# R/maximumAmbience.R In DropletUtils: Utilities for Handling Single-Cell Droplet Data

#### Documented in maximumAmbience

#' Maximum ambient contribution
#'
#' Compute the maximum contribution of the ambient solution to an expression profile for a group of droplets.
#'
#' @param y A numeric count matrix where each row represents a gene and each column represents an expression profile.
#' The profile usually contains aggregated counts for multiple droplets in a sample, e.g., for a cluster of cells.
#' This can also be a vector, in which case it is converted into a one-column matrix.

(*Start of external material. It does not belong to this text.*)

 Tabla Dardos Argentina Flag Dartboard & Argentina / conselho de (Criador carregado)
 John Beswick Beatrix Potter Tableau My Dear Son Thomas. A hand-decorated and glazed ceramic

#' @param ambient A numeric vector of length equal to \code{nrow(y)},
#' containing the proportions of transcripts for each gene in the ambient solution.
#' Alternatively, a matrix where each row corresponds to a row of \code{y}
#' and each column contains a specific ambient profile for the corresponding column of \code{y}.
#' @param threshold Numeric scalar specifying the p-value threshold to use, see Details.
#' @param dispersion Numeric scalar specifying the dispersion to use in the negative binomial model.
#' Defaults to zero, i.e., a Poisson model.
#' @param num.points Integer scalar specifying the number of points to use for the grid search.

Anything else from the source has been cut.